The Mina & Everard Goodman Faculty of Life Sciences, Bar-Ilan University, Ramat-Gan, Israel.
Sci Adv. 2024 Apr 26;10(17):eadk4670. doi: 10.1126/sciadv.adk4670.
The T cell receptor (TCR) repertoire is an extraordinarily diverse collection of TCRs essential for maintaining the body's homeostasis and response to threats. In this study, we compiled an extensive dataset of more than 4200 bulk TCR repertoire samples, encompassing 221,176,713 sequences, alongside 6,159,652 single-cell TCR sequences from over 400 samples. From this dataset, we then selected a representative subset of 5 million bulk sequences and 4.2 million single-cell sequences to train two specialized Transformer-based language models for bulk (CVC) and single-cell (scCVC) TCR repertoires, respectively. We show that these models successfully capture TCR core qualities, such as sharing, gene composition, and single-cell properties. These qualities are emergent in the encoded TCR latent space and enable classification into TCR-based qualities such as public sequences. These models demonstrate the potential of Transformer-based language models in TCR downstream applications.

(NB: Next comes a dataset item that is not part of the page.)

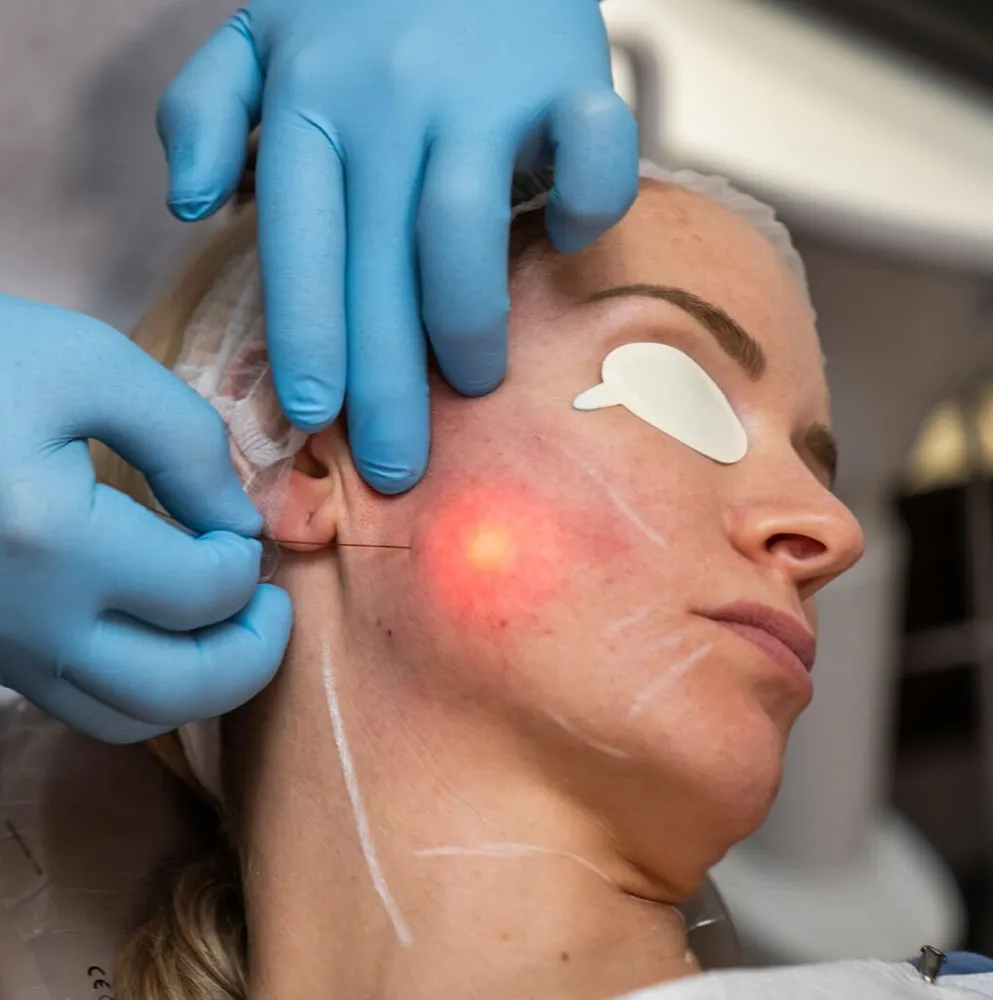 Endoface & Bodylift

T 细胞受体 (TCR) 库是一组极其多样化的 TCR 集合,对于维持身体的内稳态和对威胁的反应至关重要。在这项研究中,我们编制了一个包含超过 4200 个批量 TCR 库样本的广泛数据集,其中包含 221176713 个序列,以及来自 400 多个样本的 6159652 个单细胞 TCR 序列。从这个数据集中,我们选择了一个具有代表性的 500 万个批量序列和 420 万个单细胞序列的子集,分别用于训练两个专门的基于 Transformer 的批量 (CVC) 和单细胞 (scCVC) TCR 库语言模型。我们表明,这些模型成功地捕获了 TCR 的核心品质,例如共享、基因组成和单细胞特性。这些品质在编码的 TCR 潜在空间中是涌现的,并能够将 TCR 分为基于公共序列等品质的类别。这些模型展示了基于 Transformer 的语言模型在 TCR 下游应用中的潜力。